La guerra degli agrumi
Lo scontro scaturito dalla Guerra geordano-abcasa si sposta, in Tangerines, dai villaggi sparsi sul territorio fino all'interno della casa di Ivo, ricostruendo il conflitto in uno spazio chiuso e mostrando, sequenza dopo sequenza, la sua inconsistenza ed assurdità per trasformarsi e trasformare i suoi stessi protagonisti, complice la figura dell'anziano uomo a fare da "mediatore" e degli alberi di mandarino ad unire quello che prima era diviso, emblema di un incanto che rimane intatto anche sotto le minacce delle bombe. "Non so dire come abbia reagito l'Abcasia perché ora lì non ci sono cinema. Non penso che il mio film possa risolvere il problema tra le due parti contrapposte ma nel mio piccolo credo porti un messaggio umanitario.

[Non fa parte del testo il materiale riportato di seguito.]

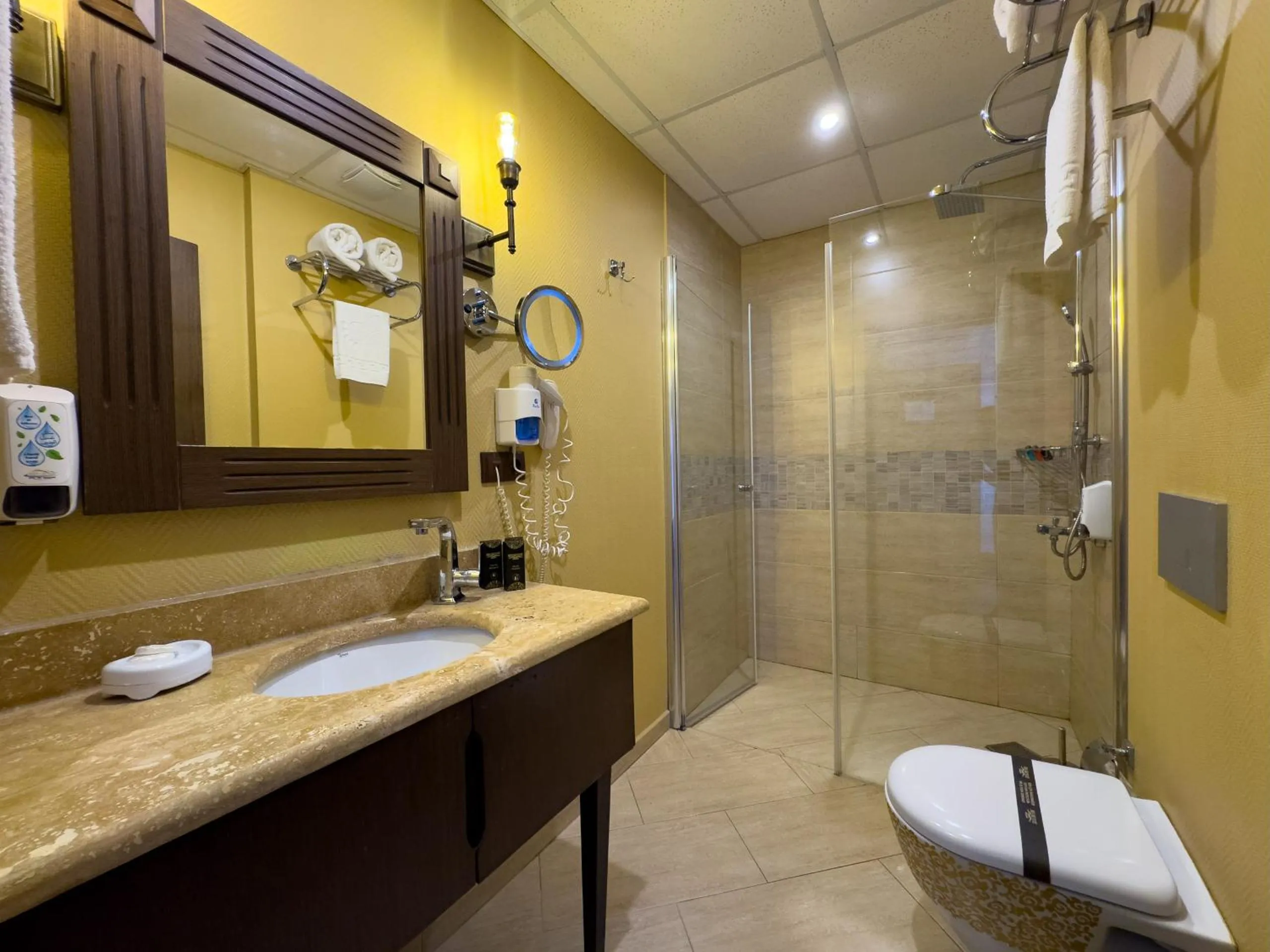 Shower in Sera Lake Resort Hotel Spa & Aparts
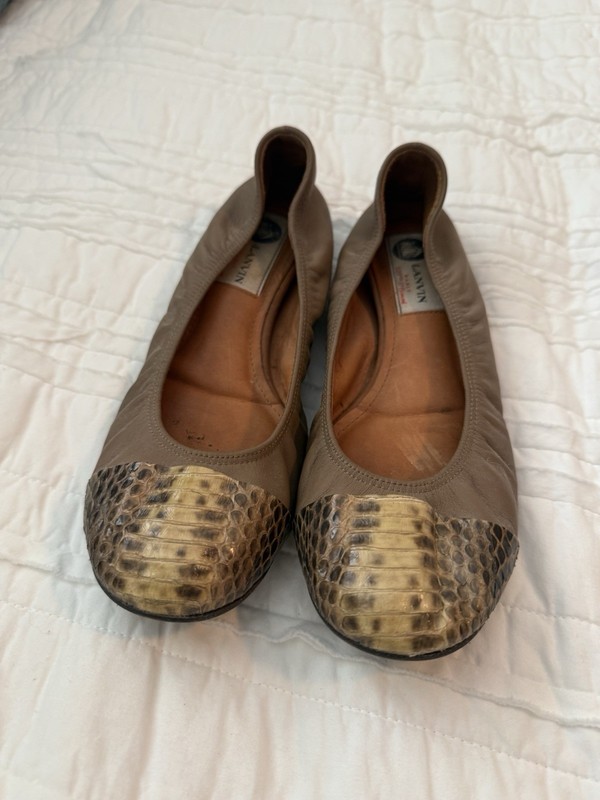 Lanvin Paris Taupe Suede Leather Snakeskin Toe Cap Ballet Flats EU 8 US 7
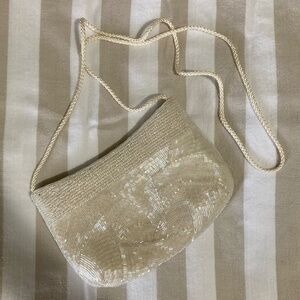 VTG White beaded over-the-shoulder purse.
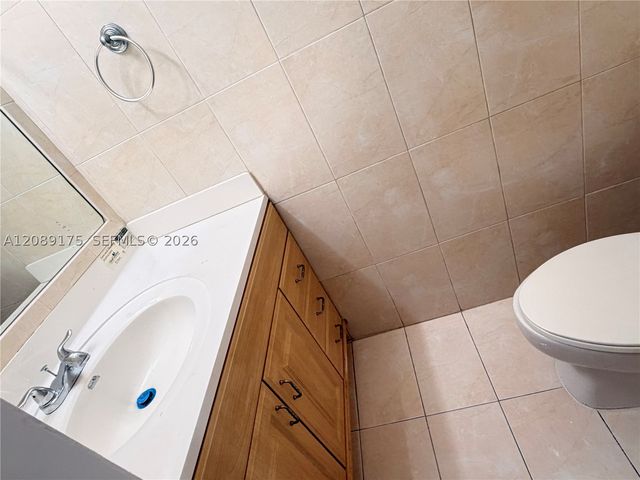 10962 SW 4th St I2, Sweetwater, FL 33174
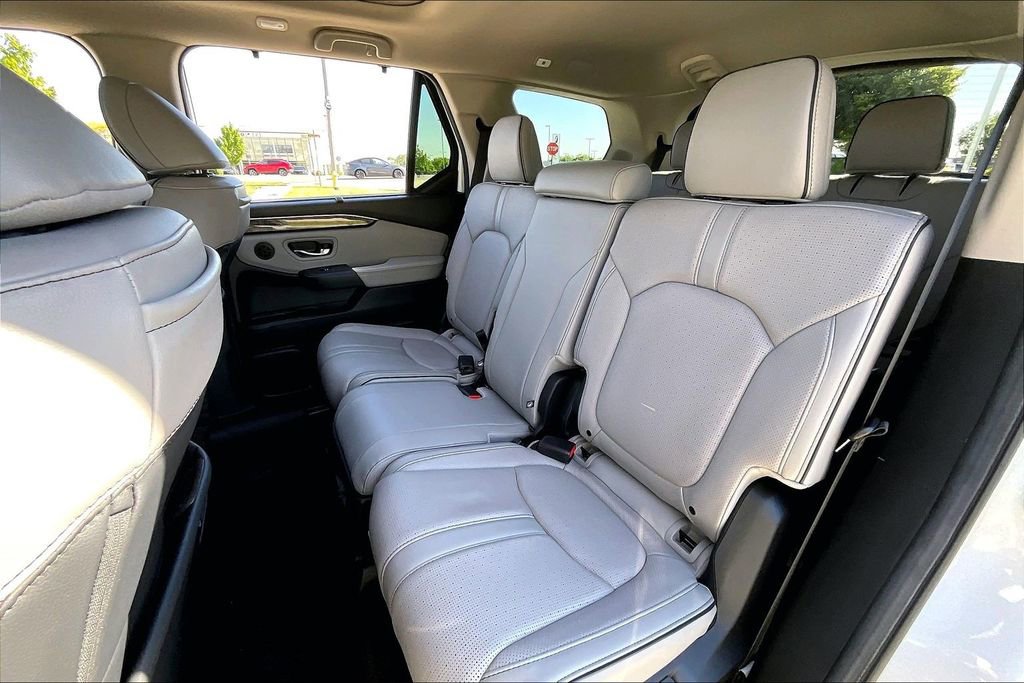Used 2024 Honda Pilot Elite image 32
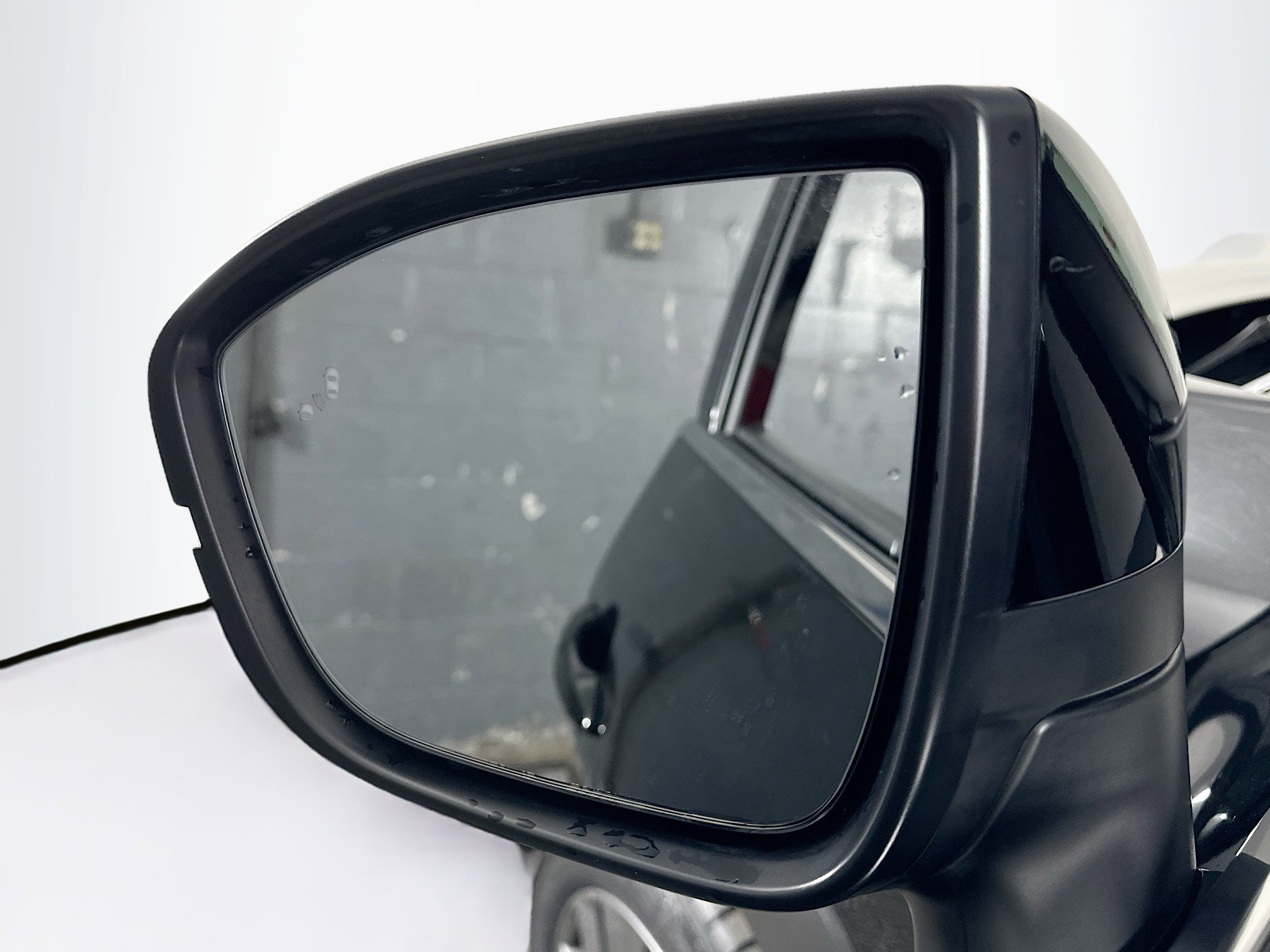 Used 2024 Nissan Pathfinder SV image 16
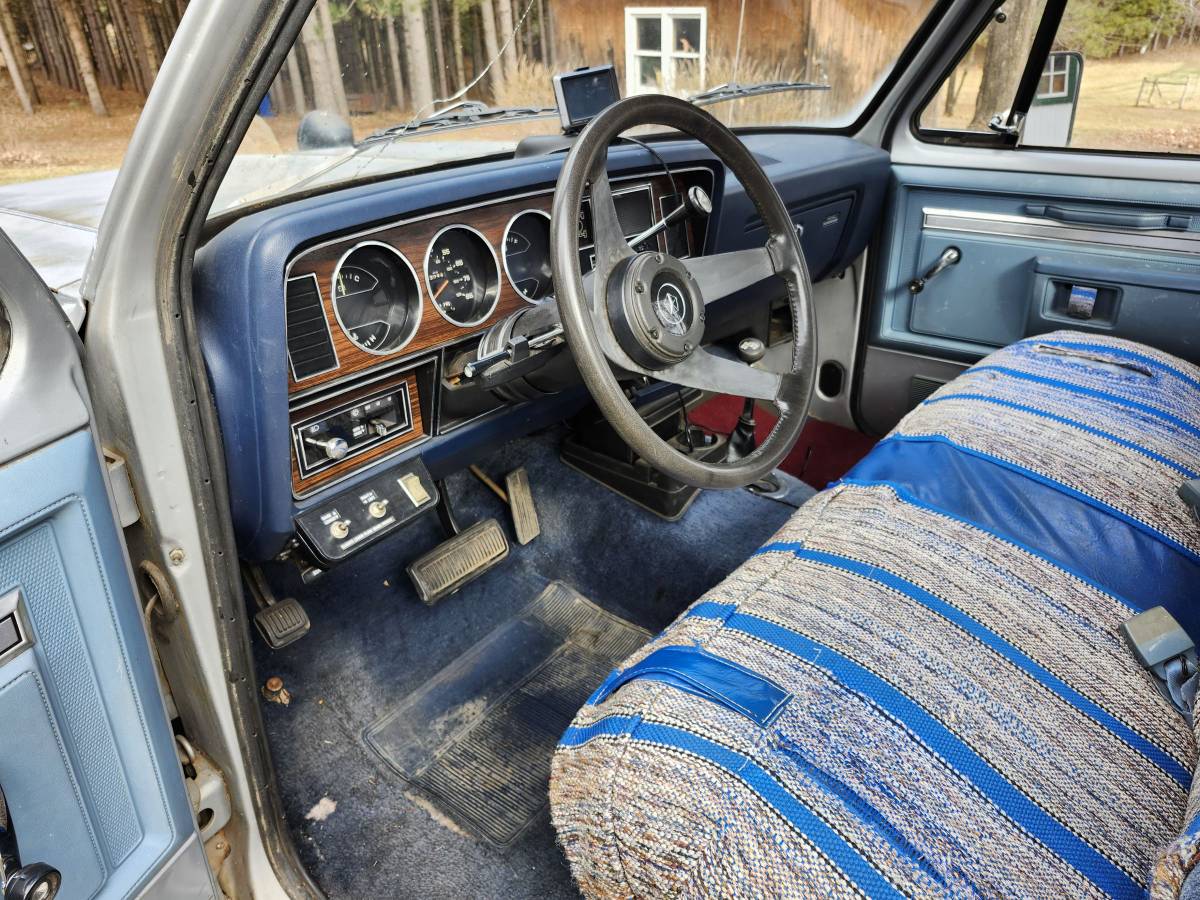 Dodge-Power-ram-250-1983-silver-5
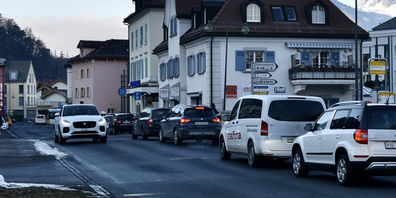 Immer wieder kommt es auf der A13 zu Staus: Vom Ausweichverkehr durch die anliegenden Dörfer ist auch Bad Ragaz betroffen.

Quello che scaturisce dalle varie proiezioni in giro per il mondo è proprio questo: un messaggio di pace" ha sottolineato il regista georgiano, convinto della potenza della fiducia, dell'importanza di un gesto altruista capace di spazzare via gli apparenti contrasti. Una pellicola tutta declinata al maschile, Tangerines.
Quattro uomini che fanno la guerra o la subiscono in un contesto privato della delicatezza, della fecondità e prosperità ravvisabili nel femminile, presenza sostituita solo dalla dolcezza dei metaforici mandarini e relegata nella bidimensionalità di uno scatto incorniciato su una mensola. "L'assenza di figure femminili aumenta la drammaticità del film. Non a caso uno dei personaggi s'innamora di una foto che ritrae la nipote di Ivo" conclude il regista.